About Iron Dome Acquisition I
We are a newly incorporated blank check company incorporated as a Cayman Islands exempted company on September 5, 2025 for the purpose of effecting a merger, amalgamation, share exchange, asset acquisition, share purchase, reorganization or similar business combination with one or more businesses, which we refer to throughout this prospectus as our initial business combination. We have not selected any specific business combination target and neither we nor anyone on our behalf has engaged in any substantive discussions, directly or indirectly, with any business combination target with respect to an initial business combination. Our mission is to partner with exceptional technology companies at the intersection of cybersecurity, defense technology, artificial intelligence, and data, and to help them scale as durable, independent public companies.
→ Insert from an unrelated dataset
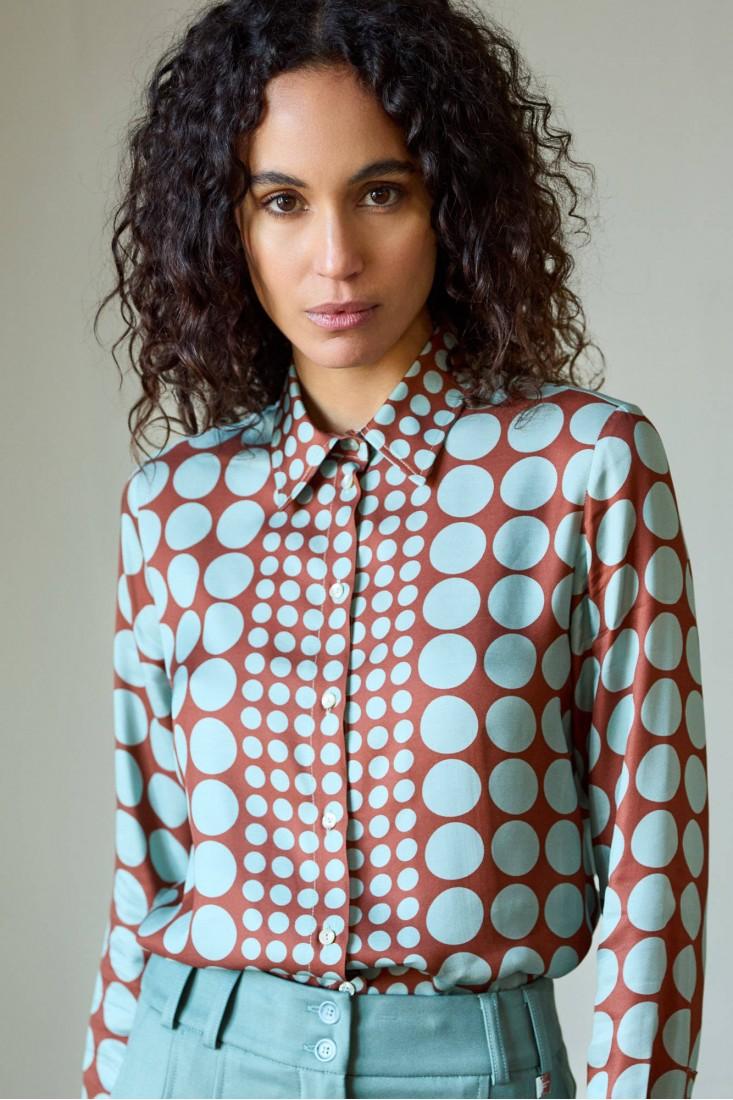 Zanetti 1965 Camicia in viscosa con stampa geometrica Limitato a 3 giorni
We believe these three domains form the backbone of the next decade of enterprise value creation, driving secure digital transformation, operational resilience, and step-function productivity gains across industries. We intend to primarily concentrate our efforts on Israeli technology companies. Israel is home to a uniquely deep and world-class innovation ecosystem, underpinned by elite technical talent, globally recognized cybersecurity leadership, prolific AI and data science research, and a proven track record of commercializing cutting-edge technologies. Despite this concentration of high-quality companies, many Israeli innovators face structural frictions accessing the U.S. public markets, whether due to resource constraints, limited internal public-market readiness, or the absence of an experienced partner to navigate listing, governance, and long-term investor alignment. We currently maintain our executive offices in New York, NY.
About Kodiak AI
We are a blank check company incorporated as a Cayman Islands exempted company for the purpose of effecting a merger, share exchange, asset acquisition, share purchase, reorganization or similar business combination with one or more businesses, which we refer to as our initial business combination. Our only activities since inception have been organizational activities and those necessary to prepare for this offering. We have not selected any business combination target and we have not, nor has anyone on our behalf, initiated any substantive discussions, directly or indirectly, with any business combination target. Our team has a history of executing transactions in multiple geographies and under varying economic and financial market conditions. Although we may pursue an acquisition in a number of industries or geographies, we intend to capitalize on the broader Ares platform where we believe a combination of our relationships, knowledge and experience across industries can effect a positive transformation or augmentation of an existing business. Our sponsor is an affiliate of Ares, a leading global alternative investment adviser. Given Ares’ investment capabilities, we believe our team has the required investment, operational, due diligence and capital raising resources to effect a business combination with an attractive target and to position it for long-term success in the public markets. While we may pursue an initial business combination target in any industry or sector, geography, or stage of its corporate evolution, we intend to focus our search in North America, Europe or Asia. We will pursue an initial business combination with an established business with scale, attractive growth prospects and sustainable competitive advantages. We believe there is a large universe of such businesses that could benefit from a public listing, and that we will be able to offer a differentiated and compelling value proposition to them. Our executive offices are located at 245 Park Avenue, 44th Floor, New York, New York.